I just bought John Piper’s new book. The $25 was worth these paragraphs.
Westminster books. I’m reading the Kindle one. Paper awaits me at home.
“When humans exalt themselves, they call attention to something that can never satisfy the people they want to impress: themselves. No mere human, no matter how exalted, can be the all-satisfying treasure of another human. Nor is such satisfaction of others even a typical human motive for self-exaltation. For humans, self-exaltation is typically a way of getting, not giving—using people, not serving them. But it is otherwise with God.
But what if God’s continual acting for his own glory proved to be less like an insecure, self-enhancing, needy bully and more like the star professional basketball player who drives his Porsche into the neighborhood because he genuinely loves inner-city kids and wants to give them the unimaginable pleasure of playing with their hero?
What if God’s calling attention to his glory turned out to be less like a quack doctor who hangs out a sign that he’s the best and more like a real doctor hanging out a sign because he is, in fact, the best, and he alone can do the procedure that will save the community from the spreading disease?

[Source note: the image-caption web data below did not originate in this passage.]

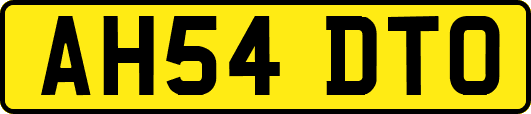 AH54DTO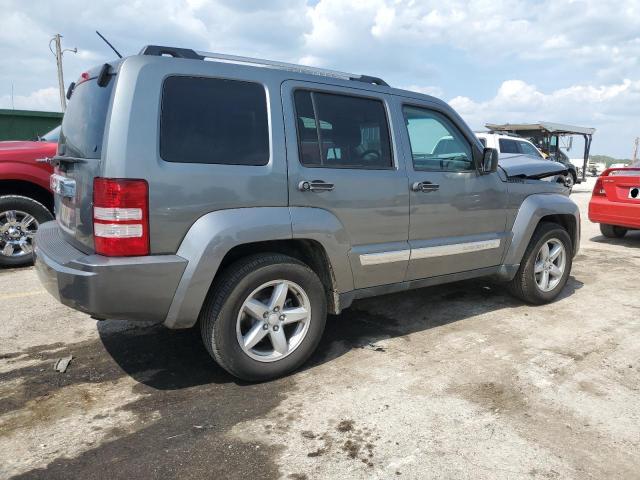 Photo 3 from auction – 2012 JEEP LIBERTY LI with VIN 1C4PJMCK7CW133372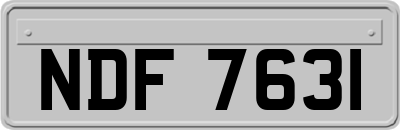 NDF7631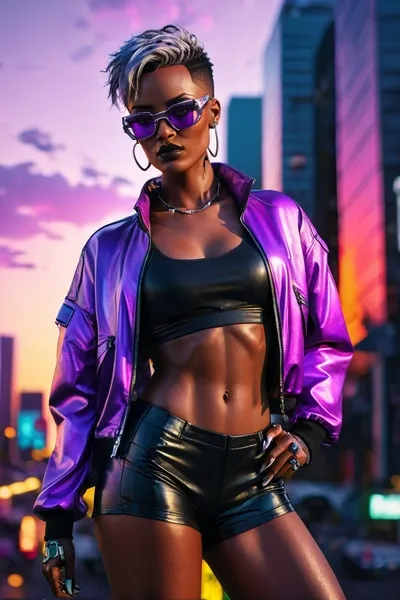 Flipped Chat AI – Sembang dengan Rizzo D'Vane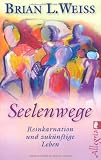 Produkt-Bild: Seelenwege: Reinkarnation und zuk&uuml;nftige Lebenswege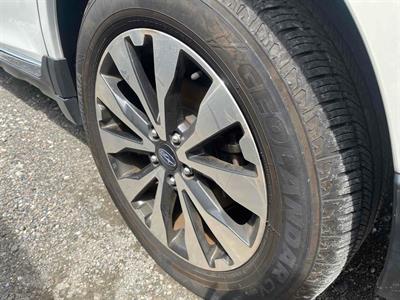2017 Subaru Legacy - Thumbnail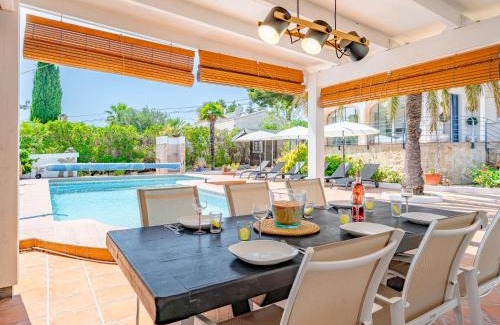 Montgo de Toscamar House | Holiday Home Baloma Plus by Interhome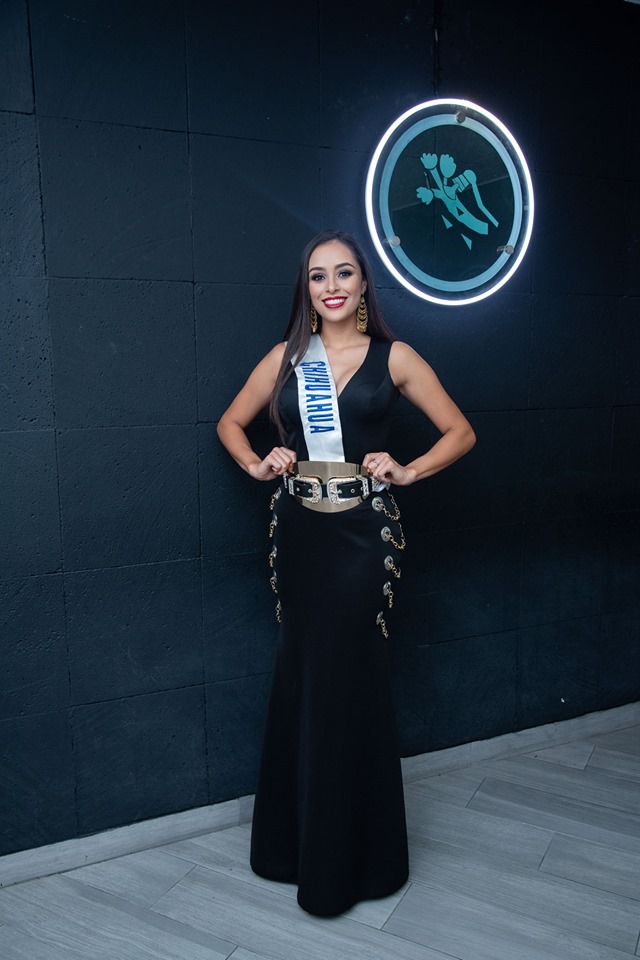 Road to Miss México 2019 - Page 2 21336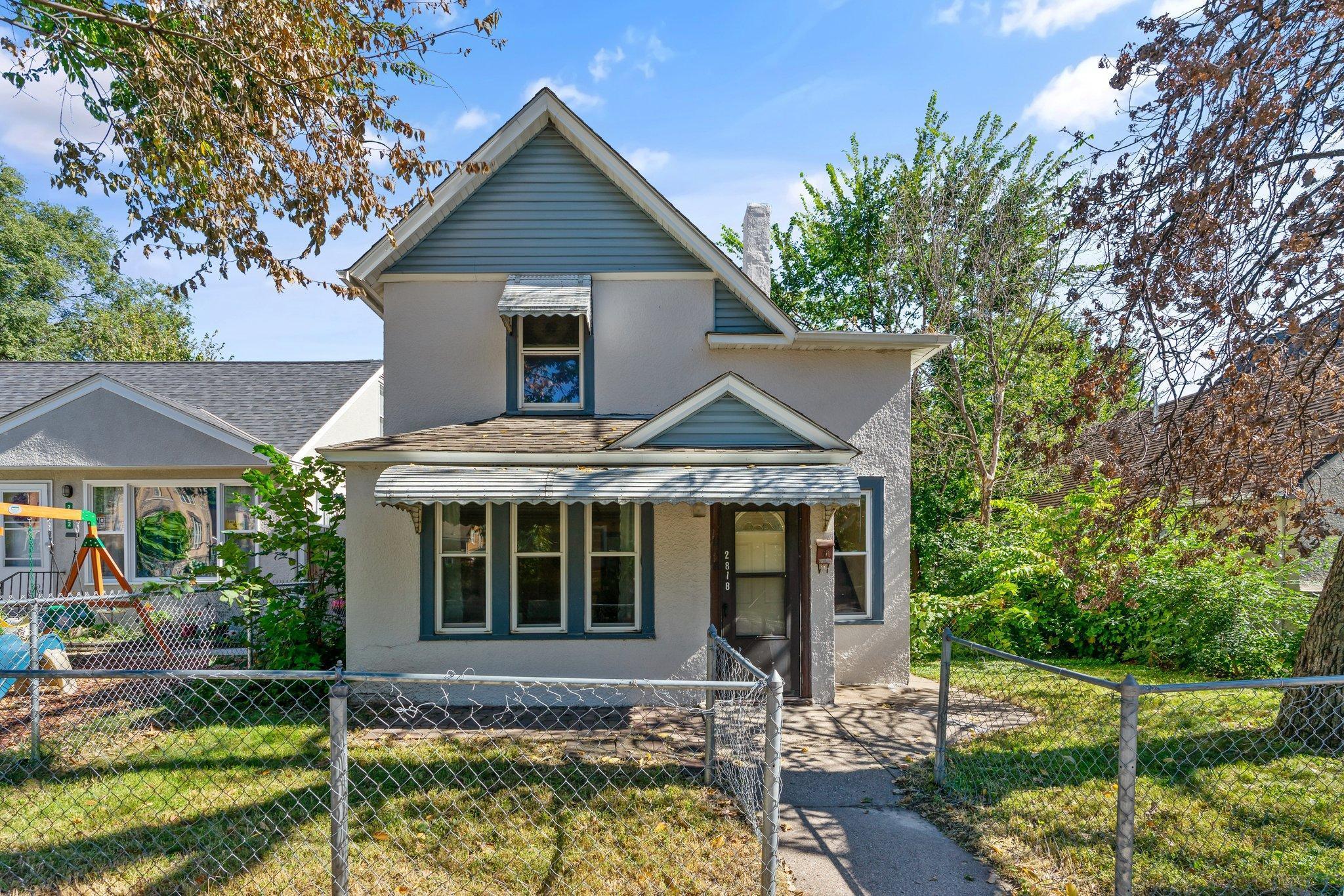 Emerson Ave, Minneapolis, MN 55411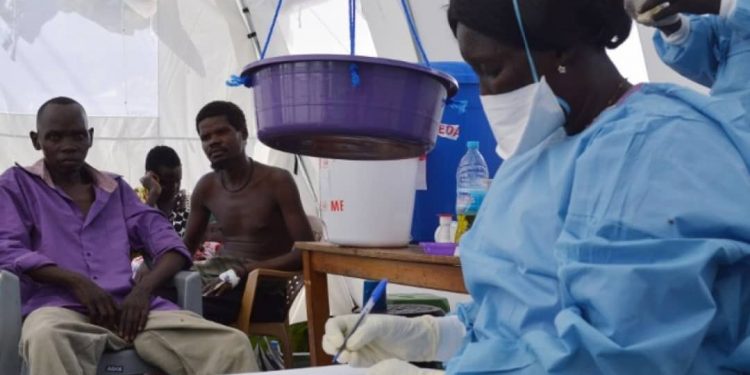 Lubumbashi : deux décès sur les huit cas de Choléra enregistrés depuis mi-janvier
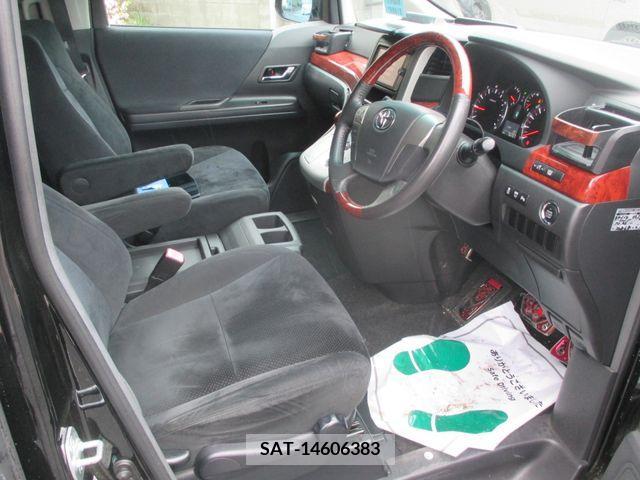 Toyota VELLFIRE 2010-09 287884-14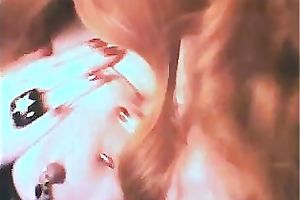 I am damn proud of my large billibongs and I like to show them off on cam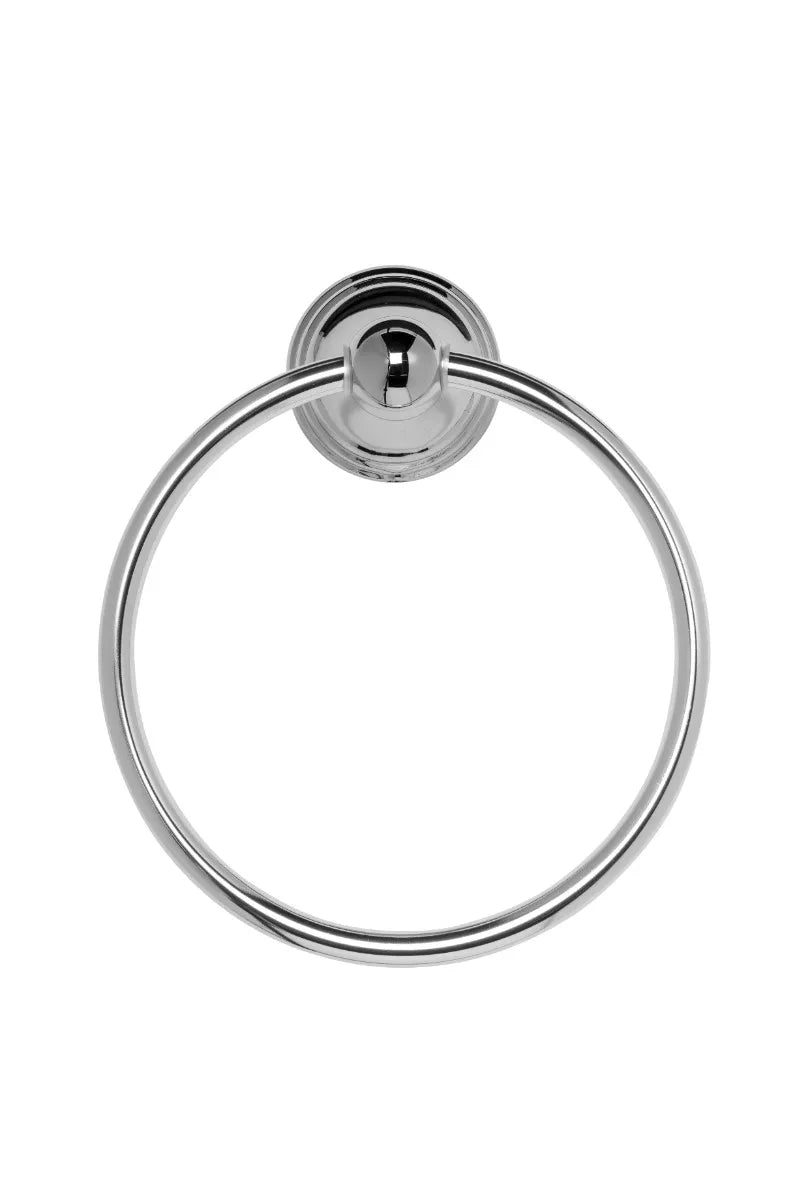 Croydex Westminster Towel Ring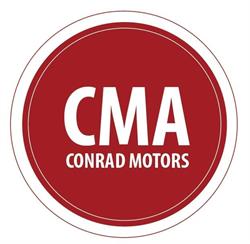 Conrad Motors sp. z o.o., Pszczyna godziny otwarcia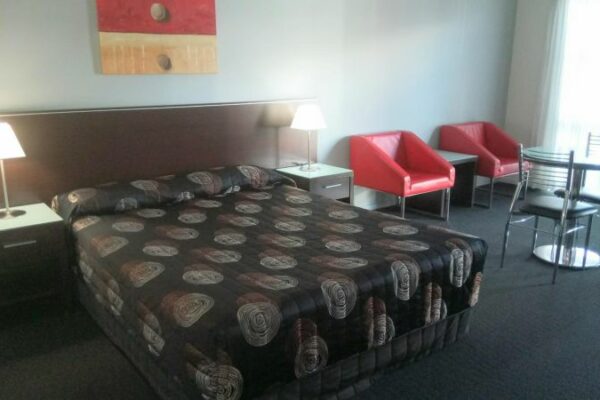 Dog Friendly Motel Gympie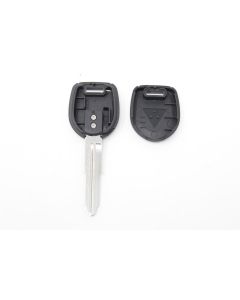 MIT11 Transponder Key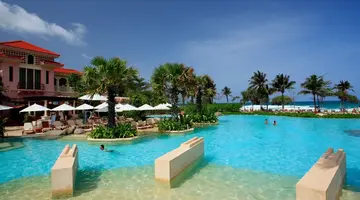 CENTARA GRAND BEACH RESORT PHUKET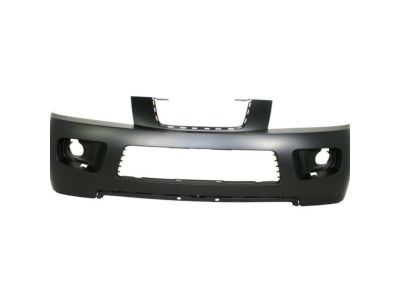 GM 15793219 Front Bumper Cover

What if God’s making known his superiority is less like an anxious college art teacher touting the greatness of his classes to shore up his reputation by attracting more students and more like the best artist in the world going to the poorest college and announcing that he is going to give an absolutely free course so that he can show the lowliest student the secrets of his superior skill?
What if God’s public promotion of his power is less like a narcissistic, fame-hungry, military general who seeks victory by sacrificing thousands of soldiers from his safe position behind the lines and more like the truly greatest general who wins both victory and fame by willingly dying at the front line for the troops he loves?”